CHEN Yiching at the Toulon Museum of Asian Art

The Musée des Arts Asiatiques in Toulon (France) is devoting an exhibition to Taiwanese artist CHEN Yiching until 21 November. This is an opportunity for the public to see around twenty of her paintings and to learn more about Nihon-ga, a traditional Japanese art form that is little known in the West.

Below is a text written by Guillemette Coulomb, curator of the Musée des Arts asiatiques de Toulon and curator of the exhibition:

The Japanese, known for their extreme sensitivity to nature and particularly to the passing of the seasons, will be celebrating “Hanami” (contemplation of flowers) at the beginning of spring, as they do every year. This custom celebrates the return of spring and the blossoming of the sakura cherry trees, which transform Japanese streets, parks and gardens into a fragrant white paradise, where traditional festivals are held.

At the same time, and not by chance, the Musée des Arts asiatiques in Toulon will be celebrating the return of spring with an exhibition of paintings by contemporary artist Chen Yiching. Her works are a hymn to the grandeur and beauty of nature.
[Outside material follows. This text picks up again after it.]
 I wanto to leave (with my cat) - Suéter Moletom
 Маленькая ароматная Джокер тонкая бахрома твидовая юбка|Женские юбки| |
The titles she gives them are evocative of the strong bond between the artist and this world of plants: “Hanami” immaculate in transparent white, “Eclat” a shower of shooting stars, “Voile printanier” with its bluish-mauve wisteria covered in a pearly veil, “Hiver” proudly displaying its Ginkgo as a sun, “Cosmos” heralding the colours of summer and the return of the warmth…

Against a white background, Yiching delivers the songs and colours of the seasons to bring out all the splendour and mystery of nature. The pictorial language is reminiscent of ballerinas’ ” tours chainés déboulés“, with the colours blending into the line to give us a vision of movement. Far Eastern painters never present nature as static; it is animated by a breath, the “QI”.

Yiching uses the traditional Japanese ‘Nihon-ga’ painting technique and is one of the few contemporary Asian artists living in France to have mastered all its richness.

This technique, which originated in China during the Tang dynasty, influenced Japanese art to the point where, after numerous Japanese innovations in the 16th and 17th centuries, it became a traditional art form. It was not until the Meiji era that the term Nihon-ga came into use in contrast to Yo-ga, the term used to describe Western-style painting.

Mastering this technique requires many years of practice and exceptional expertise in the use of natural pigments, such as mother-of-pearl, gold leaf and silver leaf and so on.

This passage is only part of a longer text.